Nth derivative and proof by induction

[adwong1]

Hi, I'm having a bit of trouble with finding a general formula for the 'nth derivative' for the function f(x)= x^2/3

So far I've figured out the formula (i think it's right), but I can't figure out how to prove it by induction, since I've never had to prove something like this before.

http://img354.imageshack.us/img354/3484/devoir8awn5.jpg


http://img412.imageshack.us/img412/776/devoir8bbe5.jpg

Thanks in advance. I tried to lay it out as neatly as i possibly could

Alex

 

[Mark44]

I understand what you're trying to say for the powers of x, but your expression
$$f^{(n-1)} (x ^{-1})$$ doesn't mean what you intend it to mean.

You have written $$f^{(n)} (x)$$ recursively.

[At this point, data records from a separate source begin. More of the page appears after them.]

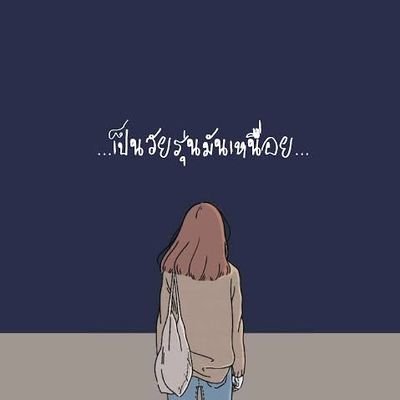 𝐌𝐅 | 𝗹𝗹𝗹 ꕥさんのプロフィール画像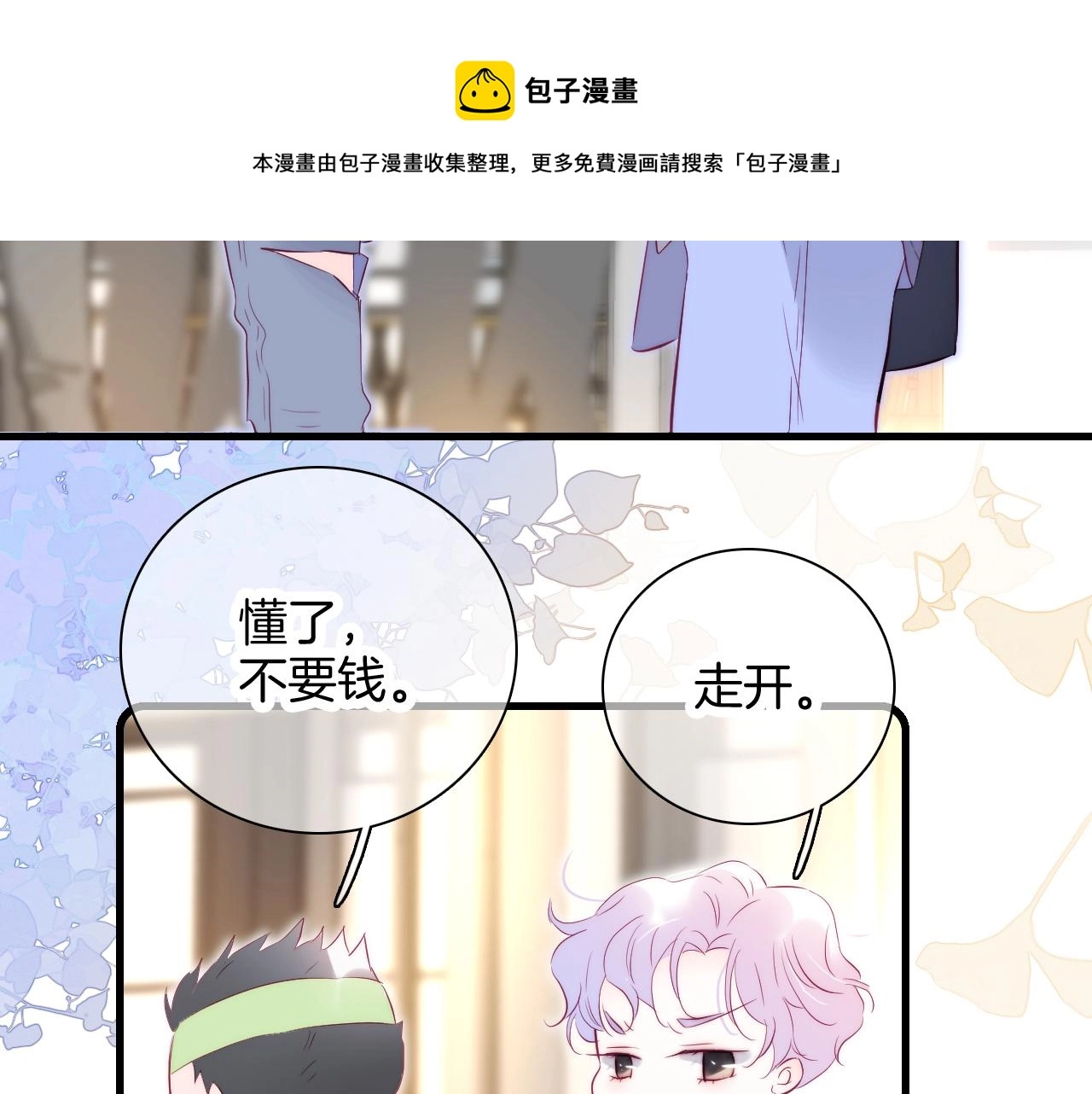 第46话 牵手之后111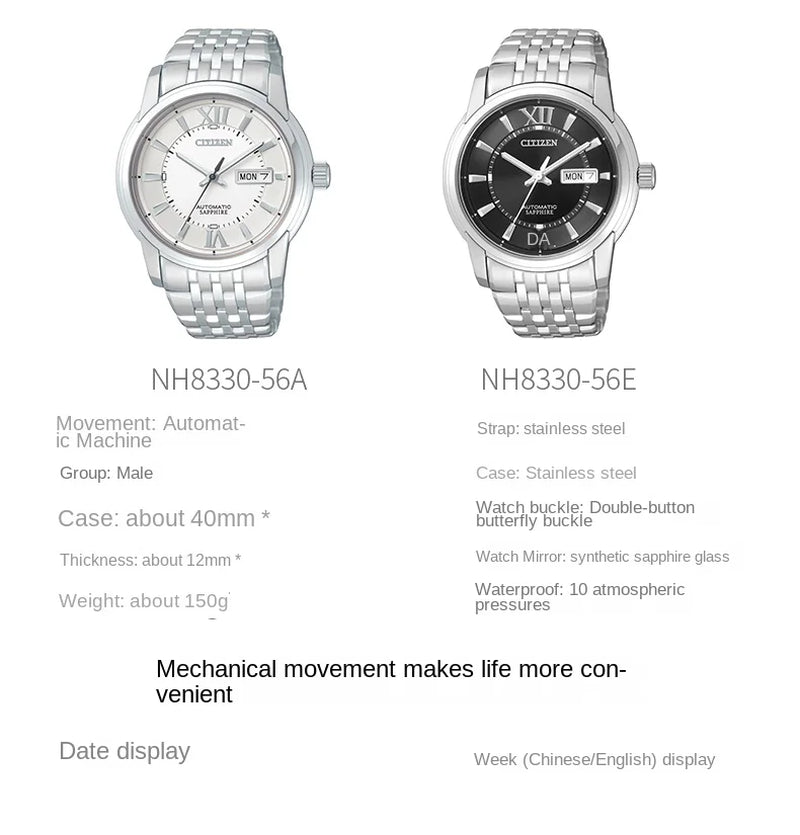 Genuine Watch Automatic Mechanical Watch Fashion Steel Belt Men'S Watch NH8330 Automatic Watch Business Jp(Origin)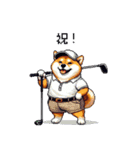 ゴルフ好きなふとっちょ柴犬 ファ～（個別スタンプ：38）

I think that your recursive definition won't help you in your proof by induction, since you won't be able to take the derivative of the right hand side. If you had the right side written nonrecursively, you would be able to take its derivative. In the coefficient of the derivative expression, you have a fraction, with the numerator being a product of 2(-1)(-4) and so on, and the denominator being 3 raised to the same power as there are factors in the numerator. The exponent on x will be 2/3 - that same number. Maybe you can work with these ideas.